Applying to do research.There is quite a lot of advice available on the WWW about how to choose which departments to apply to (for a research degree), and how to increase your chances of success. I'm a bit sceptical about the need for this --- I think that by the end of their undergraduate careers, most students know in what sub-field of the subject they want to work, or what style of approach they want to use. Furthermore, they know which departments at which universities study that sub-field or take that style of approach. Consequently, their list of desirable departments is already a short one; if they have made personal contacts, the list will be very short indeed. However, if you think you need advice, here is mine.

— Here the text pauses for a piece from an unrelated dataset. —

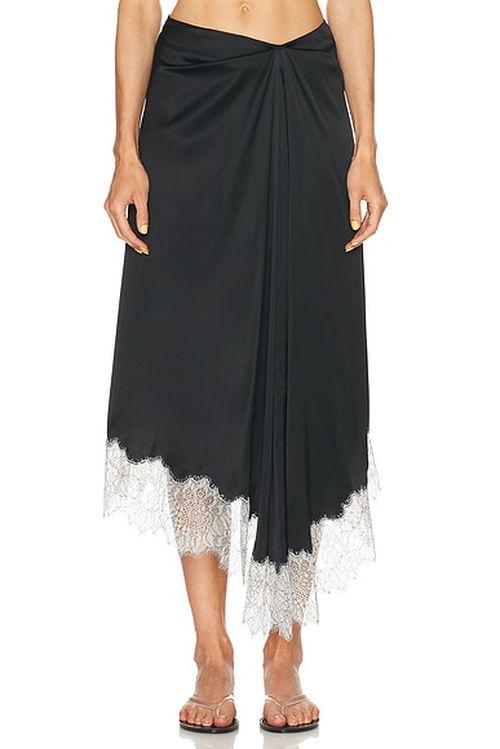 Staud Sonoma Silk Skirt in Black - Black. 0 also , 4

- You should appreciate that there are an enormous number of specialisations available in the scholarly world. Flick through one of the directories of scholarly societies if you don't believe me. For example, there is a Colour Society of Australia, an International Association for Cross-Cultural Psychology, and a Stress and Anxiety Research Society. If some specialisation appeals to you (surely you'll like something in all your undergraduate studies!), then sometime about the middle of your undergraduate career, you should stop thinking of yourself as (for example) an embryo psychologist, and start thinking of yourself as (for example) an embryo colour psychologist. You will then only be interested in departments that are strong in colour studies. If you are in this position, do not limit yourself to departments of psychology. You might find the most suitable place is in a group within a chemistry or physiology department.
- Make personal contacts. If colour psychology really does fascinate you, make contact with people in the field. Academics are enthusiasts for their own little patch, and will be delighted to find someone who shares that enthusiasm. If possible, get some lowly job in their department during the vacation. But be warned --- I would say it is impossible to successfully fake this. Alleged enthusiasm without an appropriate level of specialist knowledge and native intelligence will get you nowhere.
- If you really are unsure --- if you just feel you'd like to do research in "psychology" or "chemistry" --- you may do better to delay your entry into research until your ideas have matured a little further. (You cannot be expected to have a fully-thought-out research project at this stage; what I mean is that you should know (for example) that your interest is in cognitive psychology studied by computer-controlled experiments on normal humans.)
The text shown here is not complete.